Żychlewo is a village in the administrative district of Gmina Krobia, within Gostyń County, Greater Poland Voivodeship, in west-central Poland.

==History==
The area formed part of Poland since the establishment of the state in the 10th century. Żychlewo was a private church village, administratively located in the Kościan County in the Poznań Voivodeship in the Greater Poland Province of the Kingdom of Poland. It was annexed by Prussia in the Second Partition of Poland in 1793. It was regained by Poles in 1807 and included within the short-lived Duchy of Warsaw, and after the duchy's dissolution in 1815, the village was reannexed by Prussia, and was also part of Germany from 1871. Following World War I, Poland regained independence and control of the village.

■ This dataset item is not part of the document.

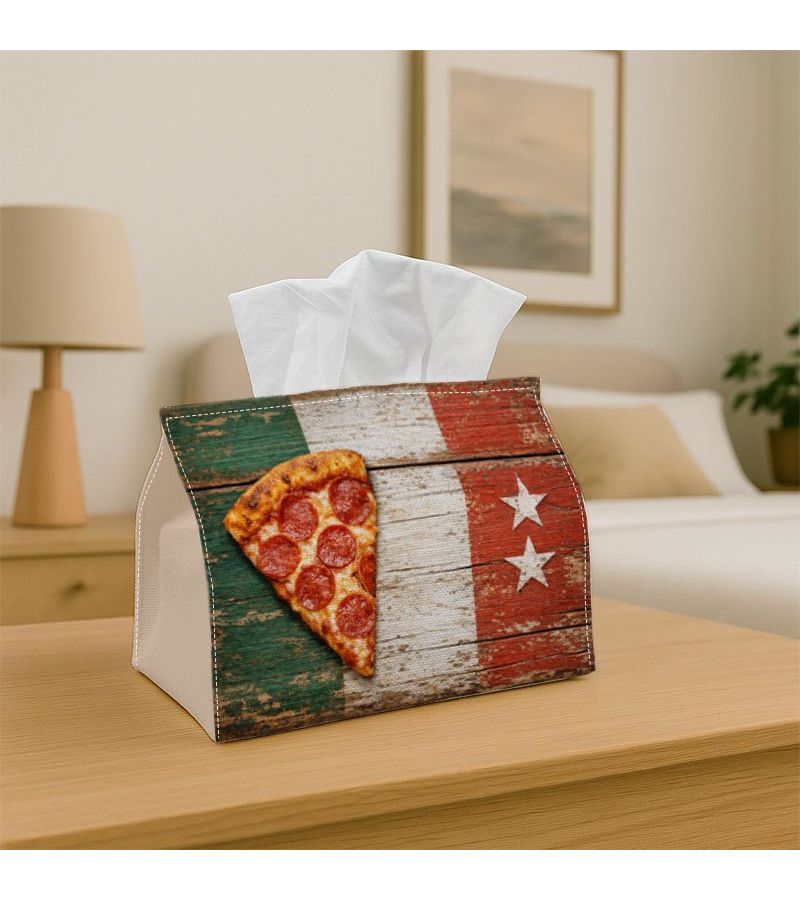 1pc Rustic Vintage Graphic Decorative Tissue Box Holder Pizza Flag Texture Design 7x4 3x5 1in 18x11x13cm For Home Kitchen Bathroom Party Decor Tissue Storage - Image 1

During the German occupation of Poland (World War II), in December 1939, the occupiers carried out first expulsions of Poles, who were then sent to a transit camp in nearby Gostyń, and eventually deported to the General Government in the more eastern part of German-occupied Poland. Further expulsions of Poles were carried out by the German gendarmerie in 1940. Expelled Poles were either deported to forced labour in Germany or enslaved as forced labour of German colonists in the county. Houses and farms of expelled Poles were handed over to new German colonists as part of the Lebensraum policy.